The high numbers mean the team must perform triage to decide who deserves a place first, with priority usually given to those in serious condition, Rashed says.

While concerns are rising about how the country’s already faltering and under-resourced health care system will handle the surge of an average of 1,400 new infections daily in recent weeks, authorities have repeatedly assured the public that the hospital system is not running out of beds.

Last week, Egypt’s health minister said that the occupancy rate at quarantine hospitals was at 59 percent and intensive care beds were at 71 percent nationwide.

Out of the 35,000 beds in the 376 Egyptian hospitals currently dealing with coronavirus patients, only 6,500 were occupied, minister Hala Zayed said last month.
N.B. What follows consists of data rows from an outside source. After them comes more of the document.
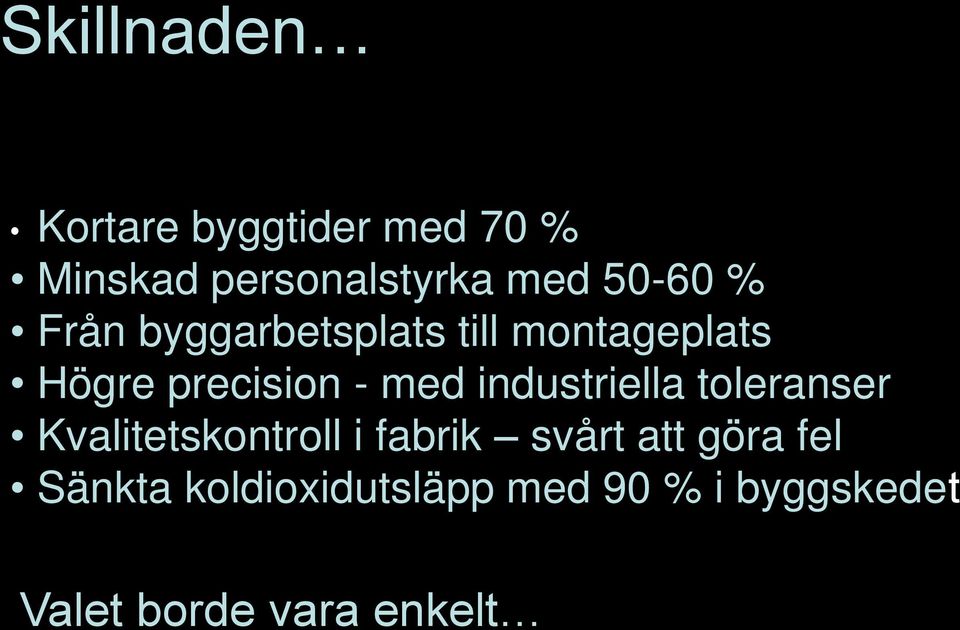 industriella toleranser Kvalitetskontroll i fabrik svårt att göra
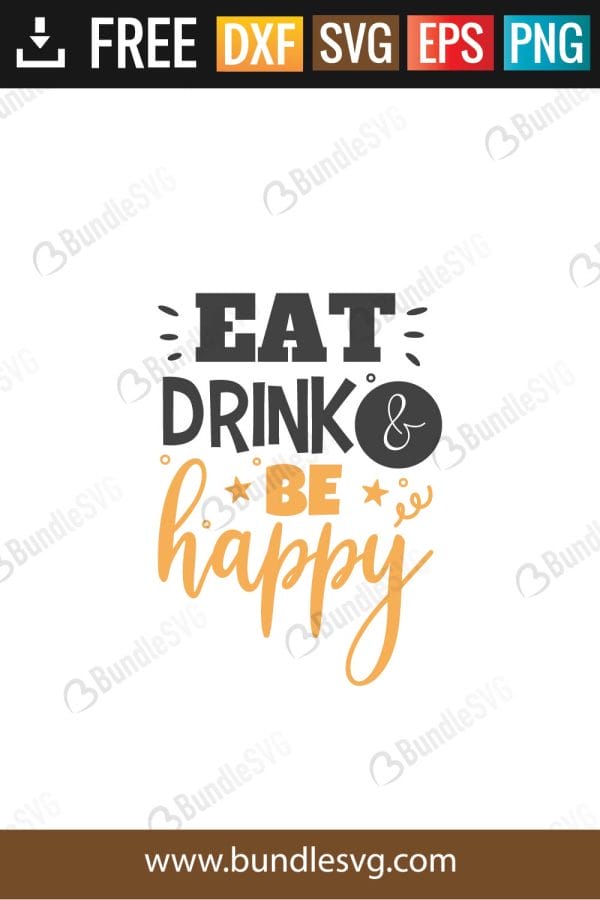 Eat Drink and Be Happy SVG Files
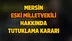Mersin Eski Milletvekili Hakkında Flaş Karar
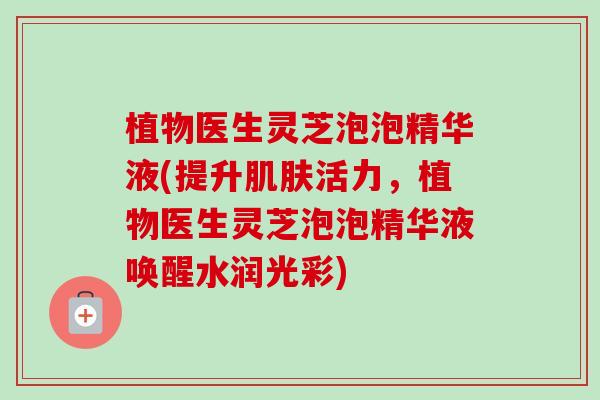植物医生灵芝泡泡精华液(提升肌肤活力，植物医生灵芝泡泡精华液唤醒水润光彩)-第1张图片-卓越灵芝孢子粉
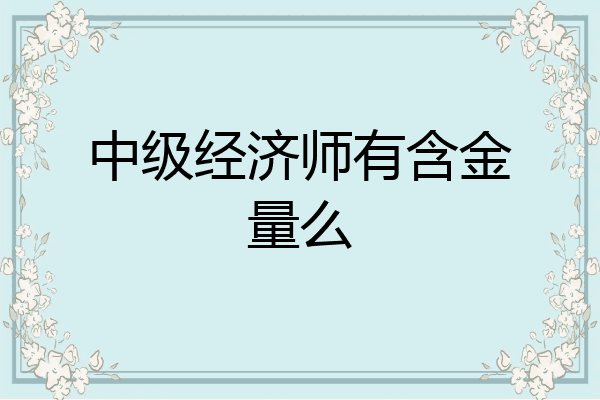 中级经济师有含金量么
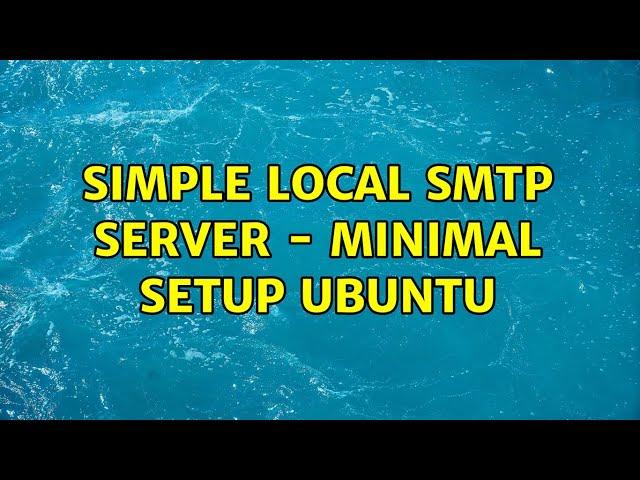 Simple local smtp server - minimal setup ubuntu (4 Solutions!!)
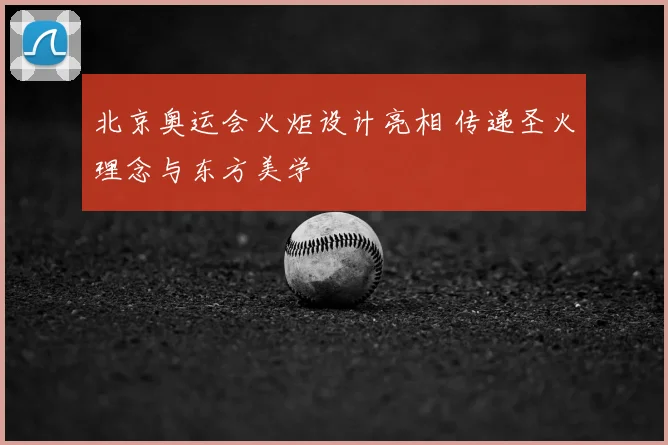 北京奥运会火炬设计亮相 传递圣火理念与东方美学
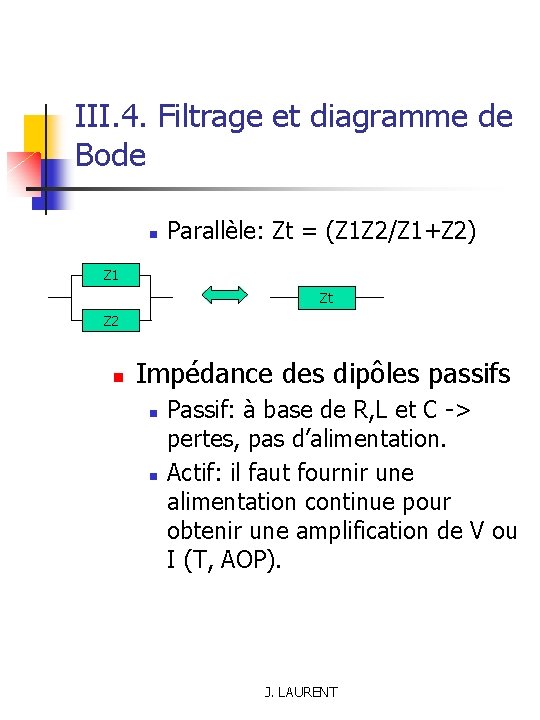 III. 4. Filtrage et diagramme de Bode n Parallèle: Zt = (Z 1 Z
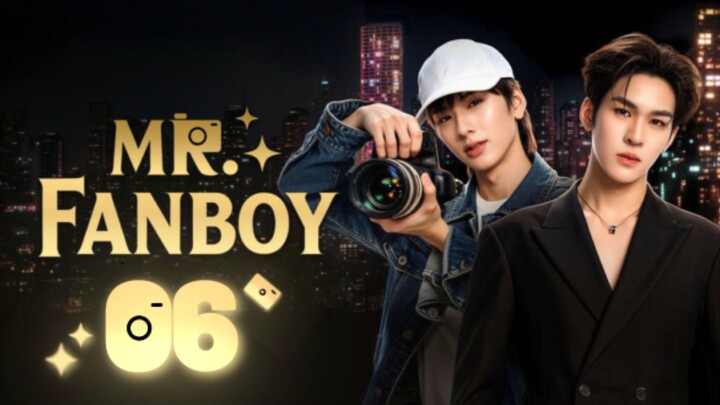 [ᴜɴᴄᴜᴛ] 🇹🇭  ᴍʀ. ғᴀɴʙᴏʏ | Episode 6 (𝙴𝙽𝙶𝙻𝙸𝚂𝙷 𝚂𝚄𝙱)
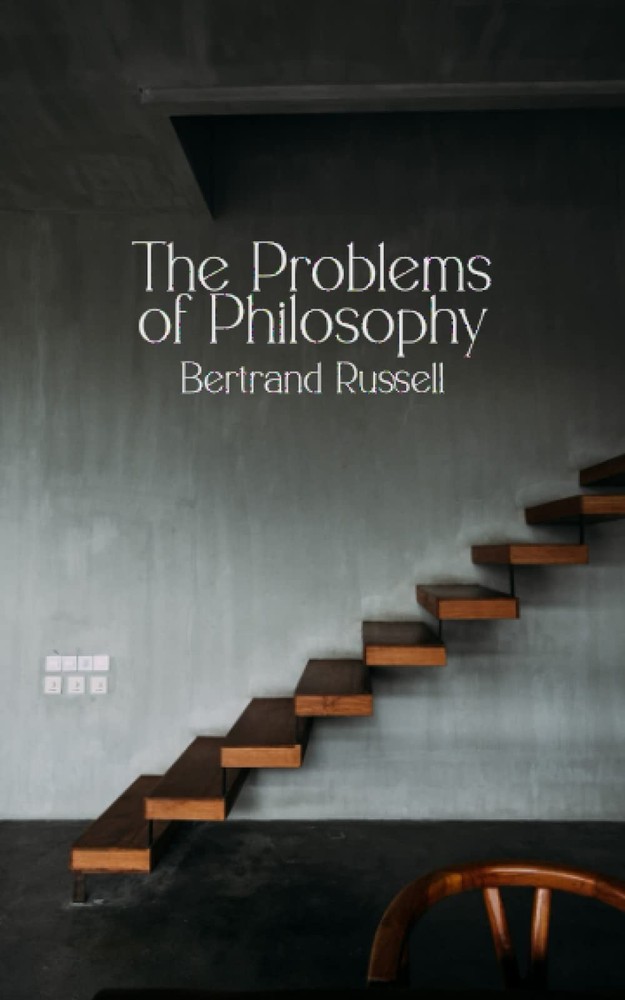 The Problems of Philosophy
She stressed that beds were still available in Cairo despite its high rate of infections and that complaints about lack of beds had dropped recently.
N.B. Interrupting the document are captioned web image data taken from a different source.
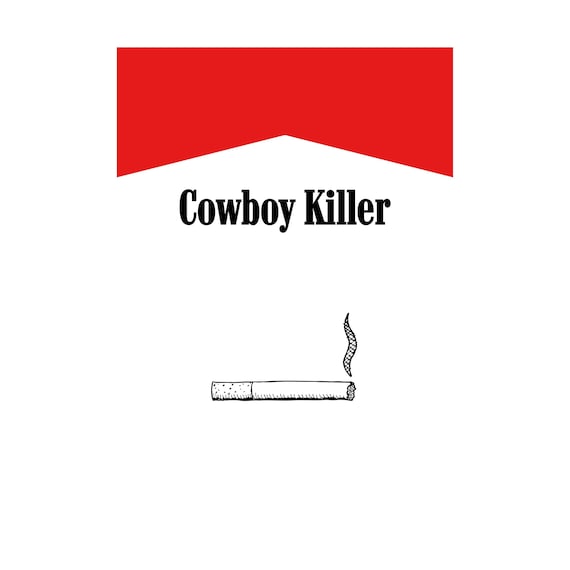 cigarette killer Cigarette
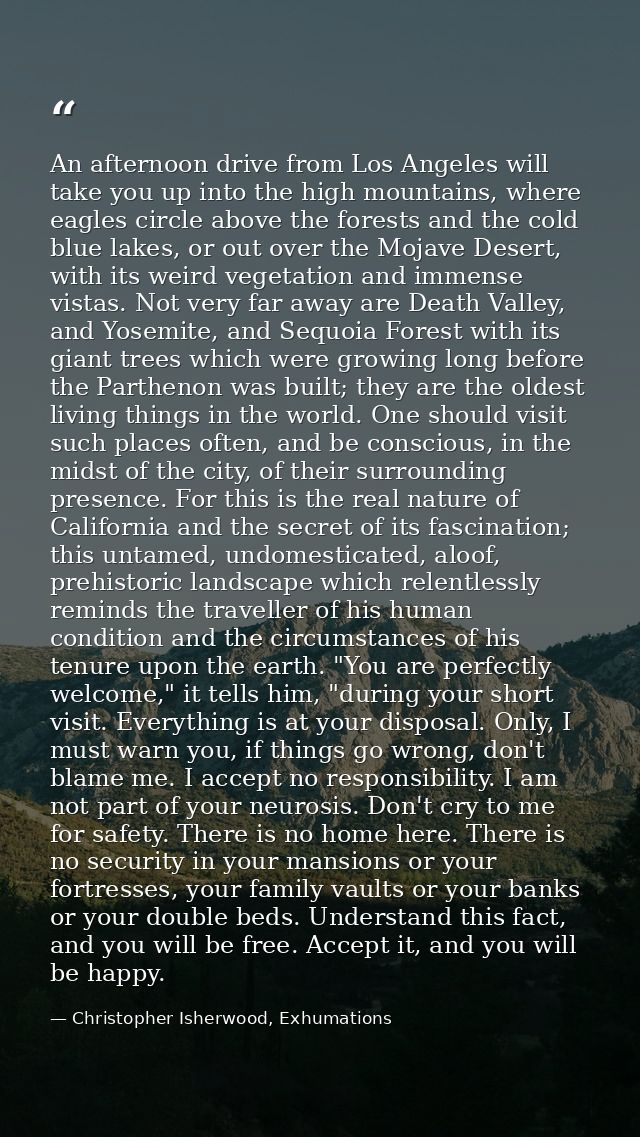 An afternoon drive from Los Angeles will take you up into the high mountains, where eagles circle above the forests and  — Christopher Isherwood, Exhumations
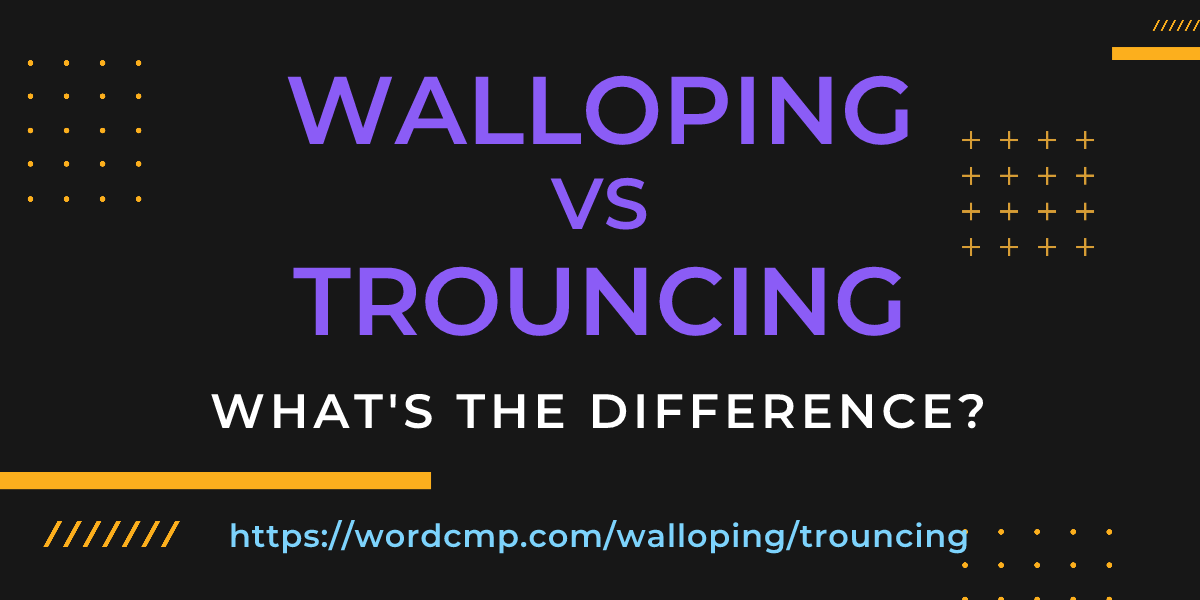 Difference between walloping and trouncing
“Until a couple of weeks ago, a lot of people were calling us saying they cannot find a place. We had a very long waiting list,” said Ayman Soliman, an internist and critical care doctor at the Abbasiya fever hospital, the country’s first and major frontline facility in the battle against the virus.

But he says things have changed significantly after the country designated over 300 general hospitals to receive coronavirus cases. “There is a big difference now; the numbers [of those needing beds] are not as high, even with the steady rise in infections, and the waiting time is a lot shorter.”

Saving lives

Over the past month, Mersal has offered more than 400 patients intensive care beds, mostly in private hospitals, while covering all or part of the cost.
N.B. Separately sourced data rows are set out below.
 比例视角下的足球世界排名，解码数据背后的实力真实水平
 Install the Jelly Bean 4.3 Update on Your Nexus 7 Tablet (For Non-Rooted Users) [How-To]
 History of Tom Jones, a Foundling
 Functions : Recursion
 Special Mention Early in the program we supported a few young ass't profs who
Marwa Refaat’s 66-year-old father was one such patient. He had spent nine days in isolation at home before he started having trouble breathing and his oxygen level deteriorated. He was being given oxygen at home as the family scrambled to hunt for a bed.

They reached out to four state hospitals and special government helplines, but to no avail, with one hospital turning them down.

Refaat posted a dire plea on social media at night, and the following afternoon, she was contacted by the Mersal team, who told her they had found her father a bed at a private hospital.

Her father spent 11 days at hospital, five in the ICU. Mersal fully covered the cost without querying if the family could have afforded it or not.

“I would have lost him if it wasn’t for them,” Refaat said.

Intensive care beds at private hospitals are expensive, costing between EGP10,000-50,000 (approx. $620-3,100) a day, Rashed and others say.

“There is an exaggeration in prices. But we have no other option. The alternative is that people will die,” Rashed said, adding that some facilities had offered them a discount of up to 30 percent.

Mersal has also helped around three dozen COVID-19 sufferers find beds at state hospitals strained by the rising influx of patients. It now has its own 20-bed ICU unit that came into operation in late May.

The charity, which is entirely reliant on social media to draw donors, now runs a telemedicine Facebook group for suspected coronavirus cases and self-isolating patients which has drawn 350,000 followers and which helps hundreds of people every day.

It has also given a number of life-saving ventilators and supplies of protective gear to several hospitals nationwide.

But the team, who are working round-the-clock rotating shifts to make sure they are reachable 24/7, are grappling with another challenge.

The unrelenting mental pressure of battling the pandemic on the frontline has exacted a toll on many of them, who have seen patients succumb to a disease that has killed more than 3,000 in the country.

“Sometimes I feel like I cannot handle that amount of calls, deaths, and cries. I just break down. It’s a terrible mental pressure,” Rashed says.

When this happens, she opts to stay away from her phone for a bit and have more proper sleep, while having one of her colleagues take her place.

“But the following day I’m back to the circuit. We can’t take a break at such a time.”

There are, however, many victories that keep the staff going. For Rashed, one such moment was when a 10-year-old patient, already suffering from an autoimmune disease and in dire condition, was admitted to hospital.

“Not all hospitals accept such cases. We were a bundle of nerves until we found him a bed. It was a happy day.”